When, in 2002, the Labour Government agreed to take 150 of the Australia-bound Afghan refugees rescued by the Norwegian ship Tampa, the gesture was generally well-received domestically as evidence of this country’s big heart.
Yet now that a National Government has offered to take 150 of Australia’s future boat people, the reaction has been considerably less warm-hearted.
What’s changed? Both the appetite for political rhetoric, and the nature of Australia’s struggle with boat people and people-smuggling.
New Zealanders have certainly been slower this time to accept the Government’s explanation of why New Zealand needs to play a fuller part in working toward a regional solution to the escalation of people-smuggling. For that scepticism, Prime Minister John Key must take much of the blame. He framed the new policy squarely in terms of our need to keep in good with our larger neighbour. In pointing out that New Zealand will always need Australia more than Australia needs us, Key portrayed us as the ever-pandering supplicant in the relationship.
What Key failed to make clear was that Australia has been trying to forge a regional approach to both refugee settlement in general, and boat people in particular. And what neither country can, with any tact, spell out is that the settlement of refugees from our region is generally more successful than settlement of people from more distant places such as Somalia and Rwanda.
Boat people typically resettle successfully here. They have well-established communities to settle into and are, as shown by their desperation in boarding death-trap boats, highly motivated. The brutal fact is we get a better outcome from accepting fugitive Timorese or Chinese than we do from taking in often permanently war-traumatised Africans.
The Government will deny that this is a direct consideration, but it is a fact. It could easily have opted to take the 150 in addition to our existing 750-a-year quota, rather than as a part of it. Criticism that the Government has arbitrarily displaced other deserving refugees in favour of boat people is justified.
However, the overarching difficulty is how to decide which refugees are more deserving. Even those who have paid people-smugglers can be genuine refugees, fleeing for their lives. There are countries where life is so terrible, most of the population could qualify for refugee status on humanitarian grounds.

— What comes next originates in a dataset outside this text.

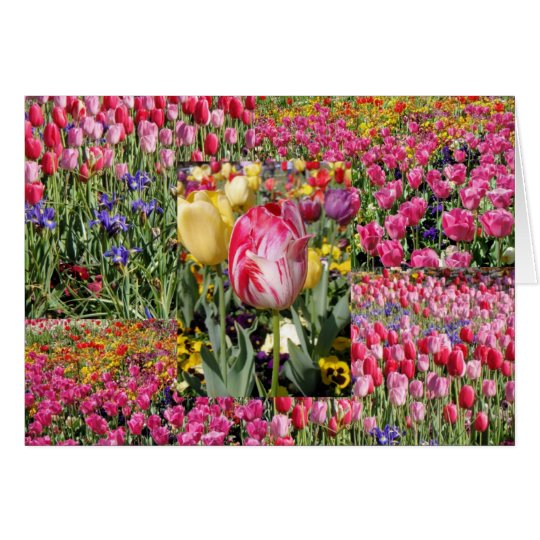 a tulip card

The motivation for a pragmatic “regional approach” – however euphemistic the term – has been spurred by the knock-on effect of Australia’s tougher attitude towards accepting boat people. Intelligence gleaned by both countries indicates people-smugglers are increasingly eyeing New Zealand as a softer destination. It’s impossible to know how reliable this information is, but it can’t be ignored.
What’s also undeniable is that for obvious geographical reasons, Australia does most of the heavy lifting when it comes to deterring and driving off people smugglers. It has also – often deservedly – copped most of the international flak for the miserable limbo into which “successful” boat people are placed, in internment camps on Nauru and in Papua New Guinea. There is no such thing as a happy refugee camp. Although the inhabitants usually enjoy better basic living conditions and certainly more security, than in their homelands, their stay can last years, and the uncertainty over their futures is soul-destroying. New Zealand has, by dint of being just that much more remote by sea, been able to let Australia have this political minefield all to itself.
In the end, it’s hard to argue that we should not give Australia more of a hand in settling these refugees – particularly if we want to press Australia, as we should, to moderate the often harsh way it treats its refugee applicants.
Certainly, both governments could dispel much of the scepticism around these issues by overtly promoting a Southeast Asian framework for refugee processing, which would over time deprive the people-smugglers of their trade. They might also be more honest about the practical limits and outcomes of refugee resettlement.
But as we found when forced to nightly watch the plight of the Tampa people on our TV screens, it’s hard to pick and choose among the desperate. The day a boatload of half-dead men, women and children does land on these shores asking for help, who among us will be flinty enough to say, “Queue-jumpers!”?